Figure 6.

Type II RAFi+MEKi elicits systemic expansion of central memory CD8⁺ T-cells in mice-bearing Nras^MUT melanoma.

A, Hematoxylin and eosin (H&E) stains of NILER1–4 tumors (days 4 and 11) on vehicle, BGB-283 (20 mg/kg/d), trametinib (1 mg/kg/d), or both. Representative of three tumors per group. Ruler=1 mm. Colored boxes delineate magnified areas in e.

B, Magnified areas of NILER1–4 tumors analyzed by H&E and representative CD8 and CD4 immnuohistochemistry. Ruler=100 μm. Highlighted H&E images of BGB+tram-treated tumors show areas of inflammation (short arrows), necrosis (long arrows), apoptotic bodies (d11, top) and tumor regression with melanosis (d11, bottom).

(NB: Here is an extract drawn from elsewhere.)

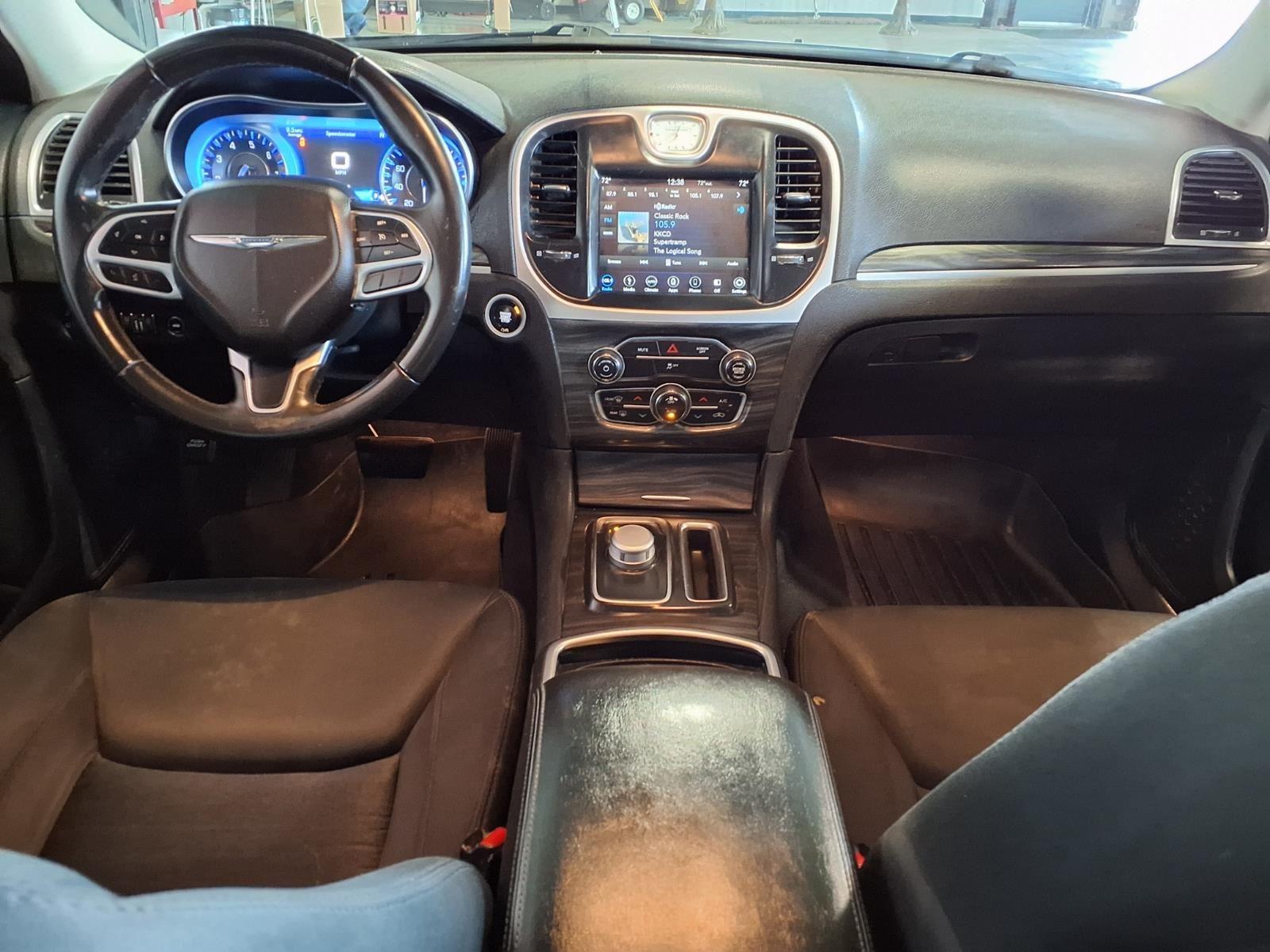 2018 Chrysler 300 Touring - Gloss Black exterior view 14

C, Indicated tissue samples (PBMC, spleen, draining lymph nodes or LNs; n=3 per site) were obtained for CyTOF analysis on days 4 and 11 after starting each treatment group. Frequencies of CD4⁺ or CD8⁺ T-cells. Mean ± SEMs. Pairwise group comparisons with respect to the vehicle-treated group. P-value, paired Student’s t test. *p<0.05, **p<0.01 and ***p <0.001.

D, t-SNE maps (left) of CD8⁺ T-cell subsets (within CD45⁺ cells) in the PMBC, spleen and draining LNs analyzed by CyTOF (pooled data from days 4 and 11). Heatmaps (right) showing the expression values of immune phenotypic protein markers normalized to the maximum mean value across subsets.

E, F, As in C, except CyTOF analysis is for indicated CD8⁺ T_CM (h) or T_EM (i) subsets.

G, Pearson correlation between CD8⁺ T_CM vs. T_EM subset frequencies in BGB-283+tram treated mice on (pooled data from days 4 and 11).